Math 389L

Schedule | Info

Advanced Big Data Analysis

Math 389L, Spring 2019
Claremont Graduate University
Professor: Weiqing Gu
Teaching Assistant: Conner DiPaolo

Meeting Time

T 07:00-09:50PM. SHAN 3460/3485

Office Hours

T 06:15-07:00PM. SHAN 3460/3485 (with Conner)

Course Description

This graduate level course is designed to give students a snapshot of recent techniques used to analyze, statistically and algorithmically, extremely large datasets. To accomplish this goal, the course will start with an applied and quick introduction to necessary optimization background. From there we will introduce students to topics such as spectral graph clustering, fast kernel methods, compressed sensing, among others. We will highlight applications of these methods to diverse areas such as genomics and recommender systems, but the bedrock of the course will be theory. To that end, students are expected to have a solid foundation in probability and analysis, as well as comfort with algorithmic thinking.

Textbooks

Boyd, S., & Vandenberghe, L. (2004). Convex optimization. Cambridge university press.

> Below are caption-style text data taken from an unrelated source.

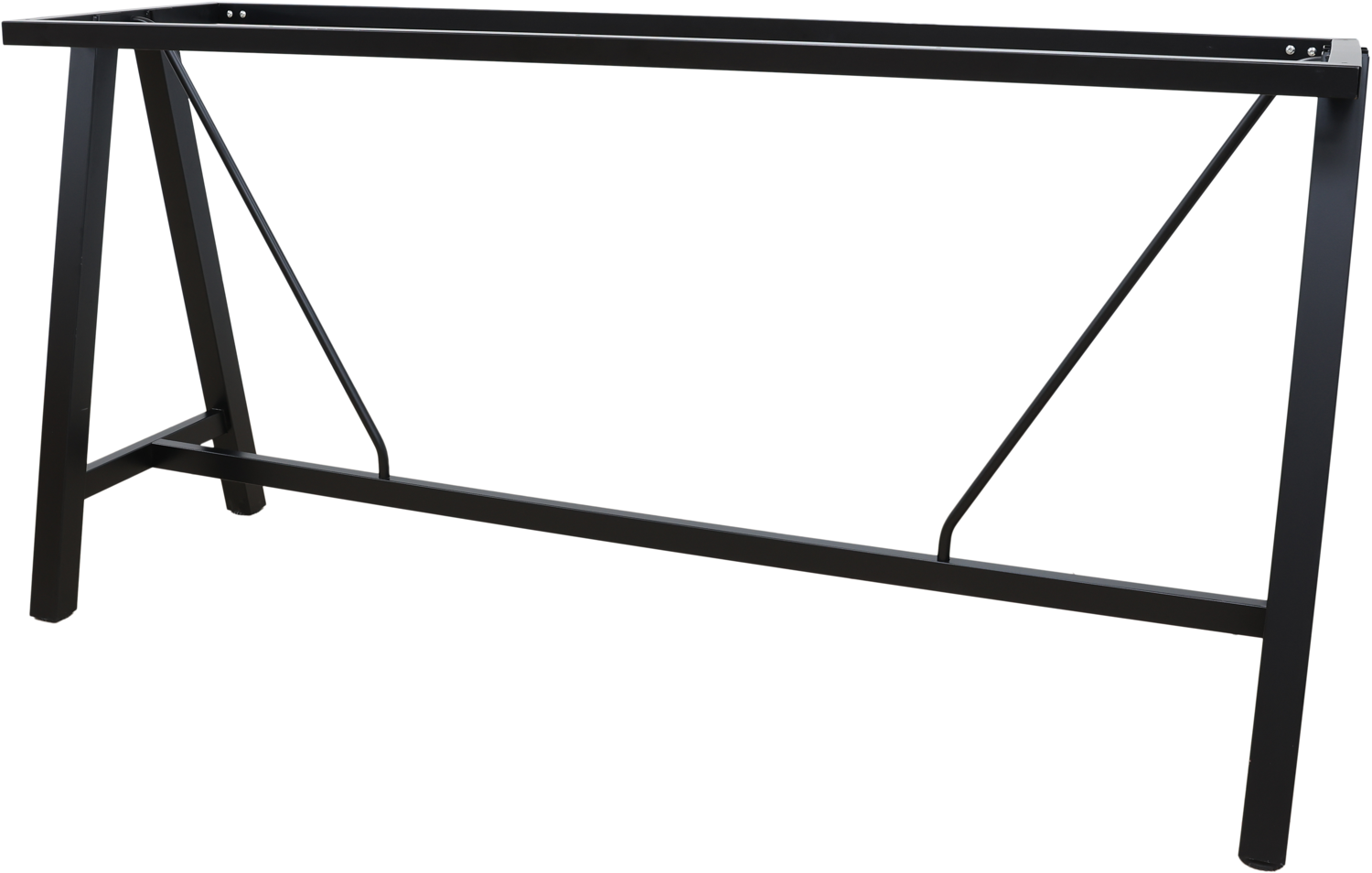Durafurn A Frame - 1050mm Bar Height Frame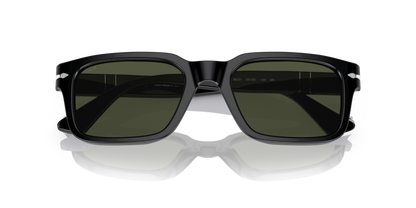 Black - 0PO3272S 8056597546102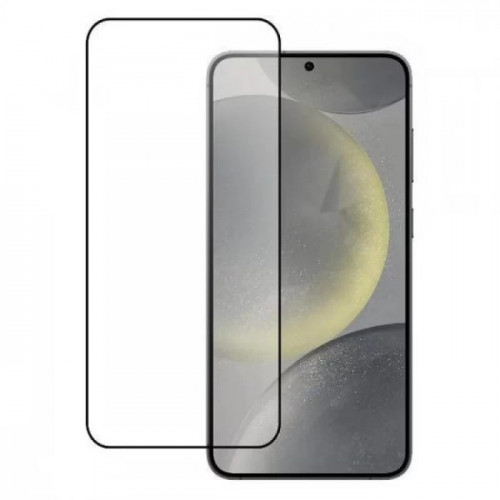 Защитное стекло для Samsung S24 Plus, прозрачное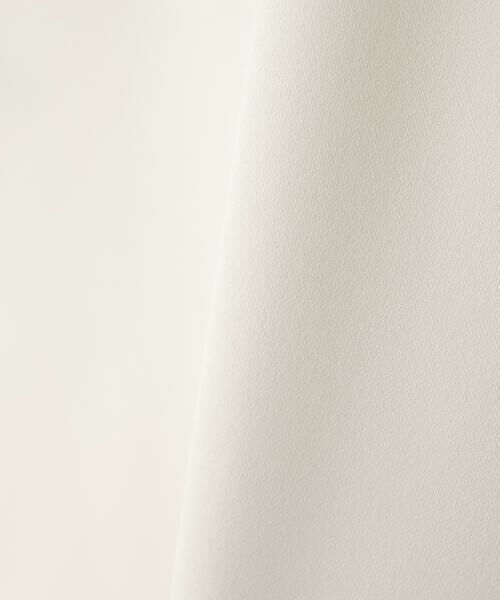 ADORE / アドーア カットソー | ◆ダブルジャージーカットソー | 詳細12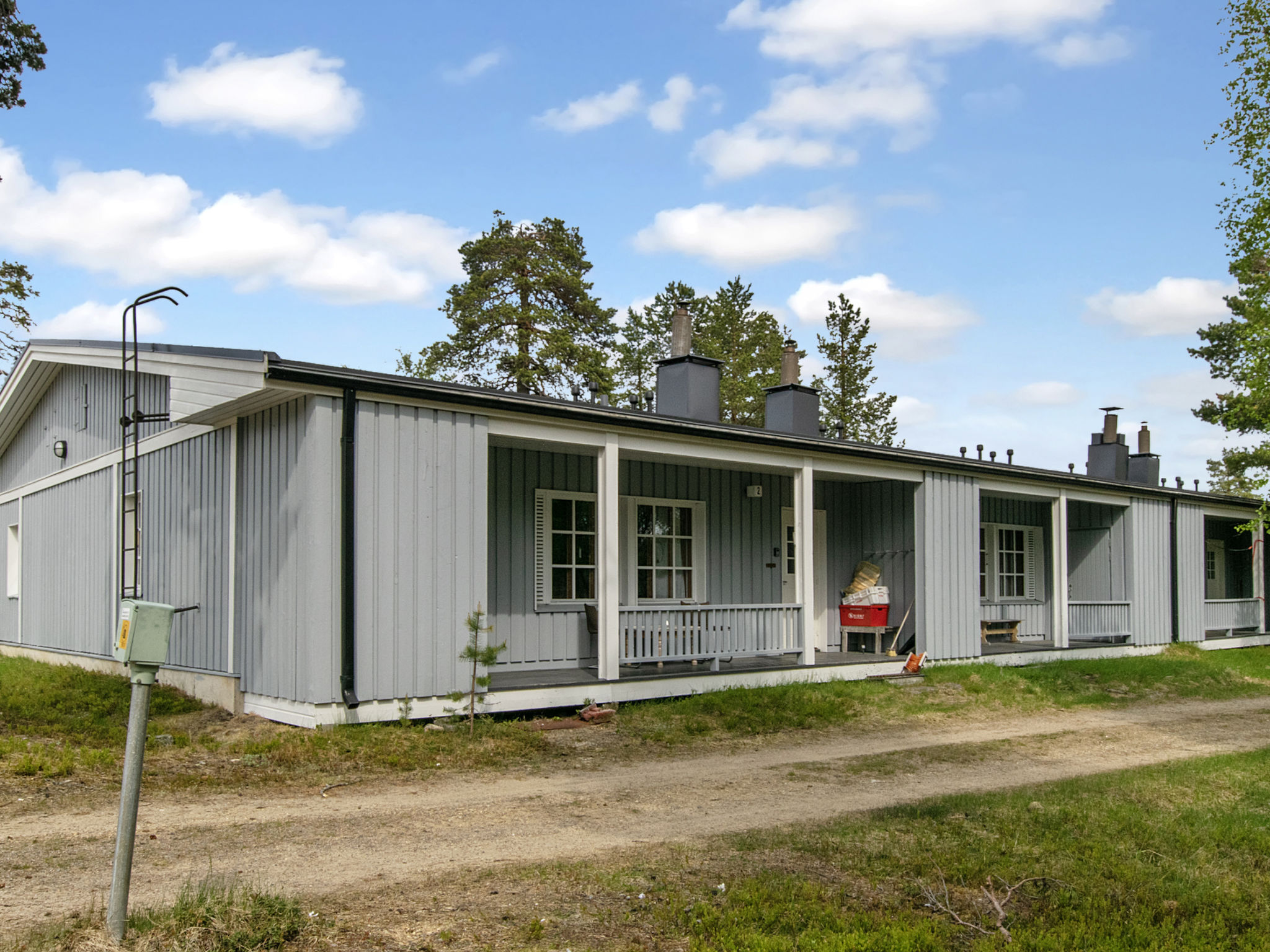Saariseläntie 8 e 2 äijälä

Vershynin, R. (2018). High-dimensional probability: An introduction with applications in data science. Cambridge University Press.

Woodruff, D. P. (2014). Sketching as a tool for numerical linear algebra. Foundations and Trends in Theoretical CS.

Grading

Homework

Problem sets will be due (virtually) every week, on Tuesday in class. Problems will be discussed in class, and often will be designed to investigate or re-prove results from research in this area. Problems might require coding. For this we recommend either Python (eg. using numpy and scipy), Matlab, or R.

Midterm Project

Details given in class, but this will reflect the final project in nature. If the final project is to be a continuation of the midterm project (which is expected), significant additional progress must be made.

Final Project

The final project is intended to give students, in groups of 2-3, the opportunity to deep-dive into a specific area of interest in linear algebra or matrix analysis. This could be theoretical or applied, but in both cases should be originated from a single question. For example, such questions might be:

This motivating question will be turned in as the single sentence alone, typed and stapled onto the back of their midterm project. Students are encouraged to discuss their ideas with teaching staff before committing to a question. Staff can also help students less fluent in the field to find topics that might intersect their interests. Questions should be quite focused.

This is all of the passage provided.